Don Martindale arrived at the University in 1948 as an assistant professor, and became a leading spokesman for social behaviorism. He wrote about social theory, social stratification, and the sociology of culture, knowledge, and art. An enthusiastic theorist, Martindale was by all accounts also a captivating speaker and lecturer.
"He was a bit of a renaissance scholar," says Uggen. "It's certainly rare for somebody today to have the range that Don Martindale had."
Perhaps Martindale's greatest legacy was his students. He advised 78 Ph.D. and more than 200 master's graduates during his career—one of the highest totals of any professor in University history. He and Edith often invited students to their Shoreview home overlooking Lake Owasso.
Martindale retired in 1983. He died two years later of a heart attack.
Environmental Justice to Improve the World
"In my view, part of Don's intellectual legacy is in those students. He taught many generations," Uggen says. "I would like to think he would very much like the direction the department has taken in the last decade. Our alumni have been getting excellent jobs in world-class universities. We've nurtured the graduate program, which I know he would have appreciated. Also the intellectual diversity on the faculty has just blossomed and bloomed."
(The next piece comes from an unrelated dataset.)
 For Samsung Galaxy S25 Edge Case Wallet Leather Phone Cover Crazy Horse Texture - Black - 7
Pellow's field of expertise, environmental justice, concerns the downside of many environmental issues that fall disproportionately on poor people, communities of color, and poverty-stricken nations, who increasingly protest becoming dumping grounds for the wealthy.
Pellow's work, Uggen says, reflects the department's attitude toward research—"the sort of work that makes a real difference in the world."
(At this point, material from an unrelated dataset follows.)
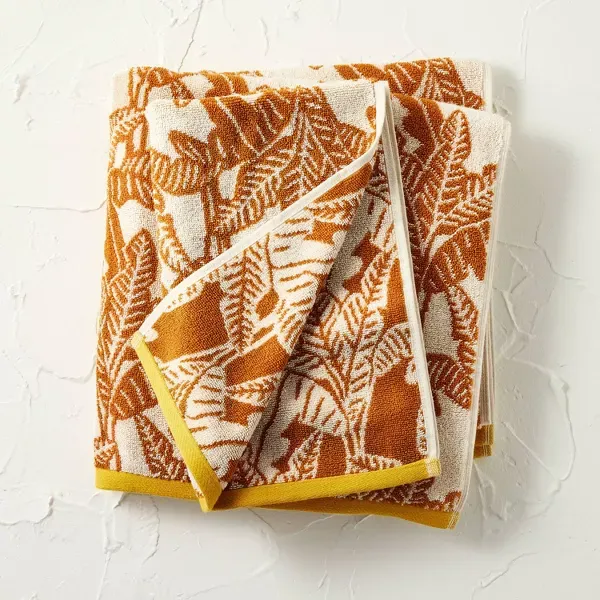 Photo 1 of 2pc Paradise Bath and Hand Towel Set Rust - Opalhouse™ designed with Jungalow™: Cotton Terry, Midweight, Reversible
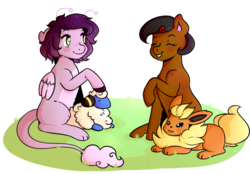 Size: 762x530 | Tagged: safe, artist:cinnamonsparx, oc, oc only, oc:porcelain skies, oc:quinny, earth pony, flareon, mareep, original species, pony, crossover, pokémon, simple background, transparent background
That's how Pellow sees it, too. "What really keeps me going is being able to connect what's going on in my research to what's going on in the classroom, to what's going on off campus," he says. Sociology is "not only understanding and explaining social institutions in the world around us, but also ultimately improving and changing the world."
His books include Garbage Wars: The Struggle for Environmental Justice in Chicago, a study of how and why the city's landfills and toxic waste dumps were sited most often in low-income communities and communities of color; and his most recent work, Resisting Global Toxics: Transnational Movements for Environmental Justice, which examines how income disparities force hazardous waste and unsustainable industries on poor nations.
Pellow and faculty member Lisa Sun-Hee Park are currently conducting research for a book on immigration and labor conflicts in glitzy Aspen and the rest of Colorado's Roaring Fork Valley. "What surprises a lot of people is how strong the effect of race continues to be," he says. In many cities, "Southeast Asians and Latin Americans are really bearing the brunt of many of these siting decisions."
He plans to soon begin research on how the effects of global climate change are likely to be distributed among communities and nations rich and poor.
Pellow expects these issues to become even more critical, and says the support of an endowment will be of tremendous value to his work. "I'm able to hire research assistants. That in turn professionalizes and trains the research staff and helps them in their careers. It provides me with a lot I wouldn't have had. I'm really grateful."